GIVEN MATERIAL START

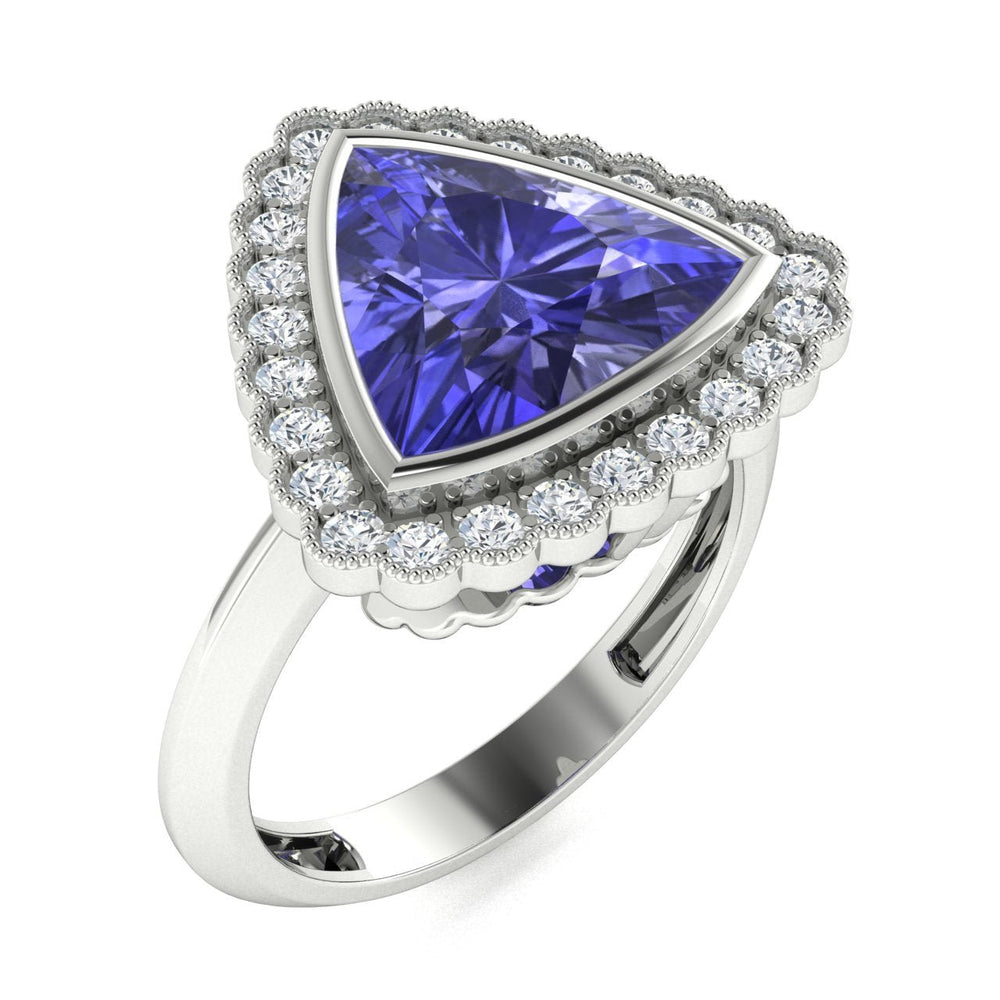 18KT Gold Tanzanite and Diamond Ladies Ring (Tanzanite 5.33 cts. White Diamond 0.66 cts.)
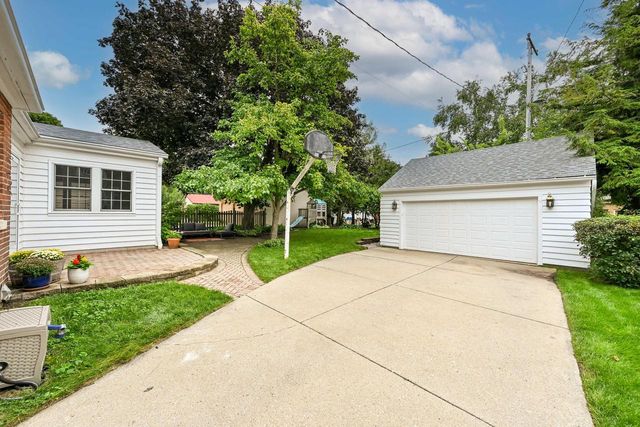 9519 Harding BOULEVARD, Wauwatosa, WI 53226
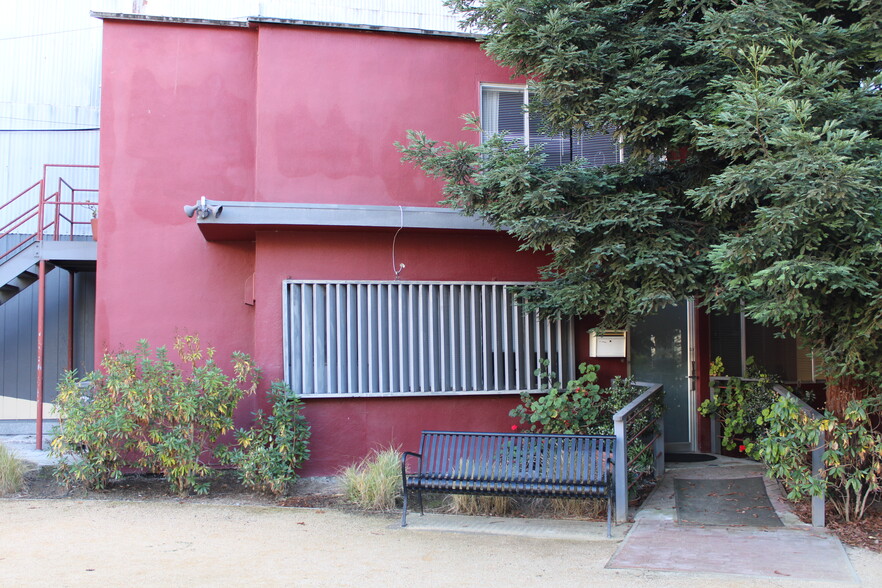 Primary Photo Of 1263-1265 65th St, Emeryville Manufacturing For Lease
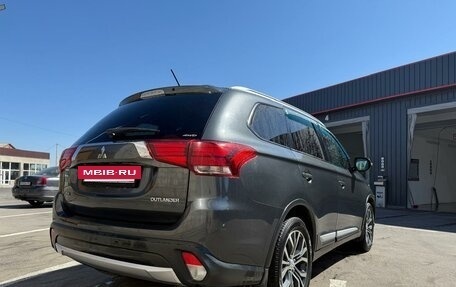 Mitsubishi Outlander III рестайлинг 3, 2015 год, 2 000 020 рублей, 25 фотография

GIVEN MATERIAL END

WHAT TO DO: Give back the listing word for word, minus its images.

TASK ANSWER:
 18KT Gold Tanzanite and Diamond Ladies Ring (Tanzanite 5.33 cts. White Diamond 0.66 cts.)
 9519 Harding BOULEVARD, Wauwatosa, WI 53226
 Primary Photo Of 1263-1265 65th St, Emeryville Manufacturing For Lease
 Mitsubishi Outlander III рестайлинг 3, 2015 год, 2 000 020 рублей, 25 фотография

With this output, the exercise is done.